Jean-Philippe Immarigeon analyse le film de Mathieu Vadepied, Tirailleurs, sorti le 4 janvier 2023 ainsi que les débats qui en résultent. Si le contexte de sortie du film n'est pas le même que celui d'Indigènes, l'auteur regrette que le récit soit passé à côté de thématiques non traitées dans le cinéma français. L'ombre de « l'américanisation » des combats sociétaux plane sur ce film, alors qu'historiquement, le traitement des soldats était largement différent d'une part et d'autre de l'Atlantique.
Tirailleurs : l’Histoire de France au défi du narratif américain (T 1459)
(© Erica Guilane-Nachez / Adobe Stock)
Il y a seize ans, le film Indigènes (Rachid Bouchareb, 2006) nous rappelait l’injustice subie par les troupes coloniales réquisitionnées dans la lutte contre le nazisme, mais ne centrait pas son propos sur la colonisation elle-même. Tirailleurs (Mathieu Vadepied, 2022) prétend au contraire en faire son sujet, mais n’en déplace pas moins dans les tranchées « ceux qui allaient mourir en Europe pour le Droit, la Liberté et bien d’autres choses encore, dont ils n’avaient jamais entendu parler avant qu’un administrateur colonial vînt, au nom de la République, planter un drapeau sur la place du village (1) ». Or, si la colonisation est une entreprise de pillage accompagnée du refus de reconnaître des droits aux conquis, c’est cela qu’il faut questionner. Tirailleurs se contente d’une scène introductive de chasse à l’homme, allusion limpide à la Traite, pour illustrer une conscription forcée prévue par un décret de 1912 qui n’était lui-même qu’une des facettes du Code de l’indigénat, cet apartheid français qu’il faudra un jour traiter (2), comme l’était le travail forcé que ce soit pour construire la ligne Congo-Océan ou plus tard, sous drapeau de la France Libre, assurer la production de caoutchouc pour les Alliés.
Néanmoins, une fois dans les tranchées de l’Argonne, à Craonne ou aux Éparges, ce sont les mêmes conditions de combat, les mêmes assauts pour « grignoter » les Boches, la même vermine et les mêmes rats, la même boue de cadavres en décomposition, et des pieds qui pourrissent tout autant dans des godillots qu’on n’enlève jamais, qu’on soit Peul ou Breton, Tonkinois ou Kabyle. Et si le Code de l’indigénat et le Code noir établirent un statut personnel, il ne pesait sur l’indigène ou l’esclave que dans les colonies et disparaissait, même au XVIIIe siècle dès qu’il posait le pied sur le territoire métropolitain.
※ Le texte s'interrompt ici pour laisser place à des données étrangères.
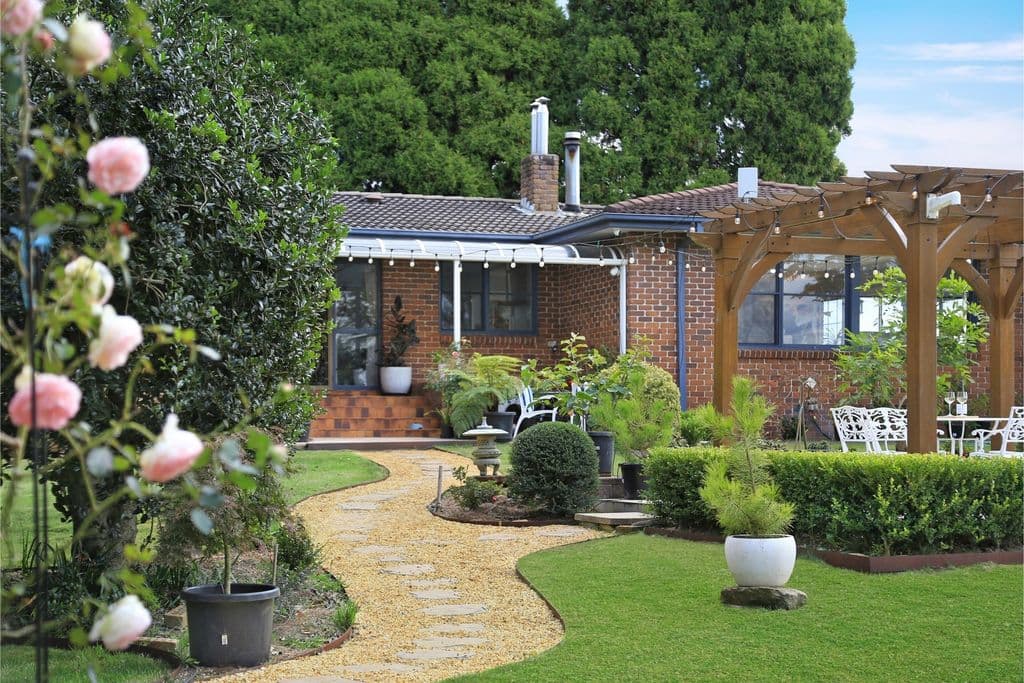 180 Cornwall Road, Exeter - Thumbnail 2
C’est une spécificité française, ça s’appelle le Droit du sol et ça date de l’Édit du 3 juillet 1315 ! Or, Tirailleurs use visiblement pour raconter cet épisode de notre singulière Histoire de France de la grille de lecture d’une Amérique qui n’a ni le même passé ni les mêmes valeurs, qui a connu jusque récemment l’esclavage à domicile puis la ségrégation, et qui n’a pas attendu l’époque récente pour assigner chaque individu à ses origines supposées (3). Les deux logiciels sont incompatibles, et on le comprend en revenant sur un incident fort éclairant, contemporain des faits qui servent de toile de fond à Tirailleurs, qui révéla le gouffre qui sépare la France des États-Unis sur la « question ethno-raciale » – pour reprendre une expression du ministre de l’Éducation nationale.
Choc de civilisations
Le colonel d’artillerie Linard, polytechnicien de formation, avait été nommé, sous les ordres du général Ragueneau, chef d’état-major de la Mission militaire française auprès du Corps expéditionnaire du général Pershing. C’est à ce titre qu’il fut confronté à des remarques de moins en moins amènes sur le comportement de ses compatriotes à l’encontre des soldats noirs, africains ou américains. Petit retour en arrière : lors de leur entrée en guerre en 1917, la ségrégation est à son apogée aux États-Unis. Les lois dites Jim Crow (1877) et un arrêt de la Cour suprême (Plessy v. Ferguson, 1896) l’avaient légalisée ; elle ne sera abolie qu’en 1964. Le Ku Klux Klan semait la terreur dans les États du Sud, à l’épouvante d’une presse européenne qui s’en faisait l’écho (4). Aussi, les Afro-Américains s’enrôlent-ils en masse pour échapper à cette situation. Les autorités rechignent à les incorporer, puis les versent dans le Service of Supply sans les envoyer tous outre-mer : sur quatre cent mille, il n’y en a que cent mille en France relégués à l’arrière, dans les ports et les dépôts. On leur refuse de servir dans les unités combattantes, il est hors de question que des régiments soient mixtes. La situation se reproduira en 1944.